For these reasons, stack architectures
are popular in virtual machines (VMs)
such as the Java Virtual Machine and
the Microsoft Visual Basic p-code
interpreter. A few real-world
stack-based CPUs do exist, such as a
hardware implementation of the Java
VM; however, they are not very popular
because of the performance limitations
of memory access. Nonetheless,
understanding the basics of a stack
architecture is important because many
compilers translate HLL source code
into a stack-based form prior to
translating to actual machine code.
Indeed, in the worst case (though
rare), compilers are forced to emit
code that emulates a stack-based
machine when compiling complex
arithmetic expressions.
EDIT: I’ve just found an article in @EricLippert’s blog answering the question and confirming @Aaron’s answer
Keep in mind that just because the intermediate representation is stack-based it doesn’t mean the generated machine code is stack-based. As the code is converted from the intermediate form to machine code it’s basically recompiled – allowing for local optimizations.
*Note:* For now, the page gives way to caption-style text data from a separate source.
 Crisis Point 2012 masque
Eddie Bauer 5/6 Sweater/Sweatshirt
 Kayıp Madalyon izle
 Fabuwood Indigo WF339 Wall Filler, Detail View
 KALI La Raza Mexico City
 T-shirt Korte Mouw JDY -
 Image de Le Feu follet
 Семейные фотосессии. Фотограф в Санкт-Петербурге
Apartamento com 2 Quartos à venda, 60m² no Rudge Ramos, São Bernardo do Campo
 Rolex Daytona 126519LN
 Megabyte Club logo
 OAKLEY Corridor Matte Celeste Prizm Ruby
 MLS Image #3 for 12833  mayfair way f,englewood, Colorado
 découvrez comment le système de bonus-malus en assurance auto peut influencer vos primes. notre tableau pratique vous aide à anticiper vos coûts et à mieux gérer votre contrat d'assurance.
Once nice thing about using a stack-based intermediate representation is that you’re not tied to any specific architecture.
Imagine if they had decided to use a theoretical register-based system as their intermediate form. How many registers should they pick? 8? 16? 64? If your target processor has more actual registers than the intermediate form then you’ve lost out on possible optimizations. If your target has less actual registers than the intermediate then your optimizations are counter-productive because those registers are flushed to memory anyway.
Even on current CPUs you’ve got a big difference compiling down to x86 vs x64 – not to mention alternate architectures (ARM) or future architectures.
For something like this it’s good that they kept it in the simplest form and then rely on optimization during final code generation to match it to the actual hardware.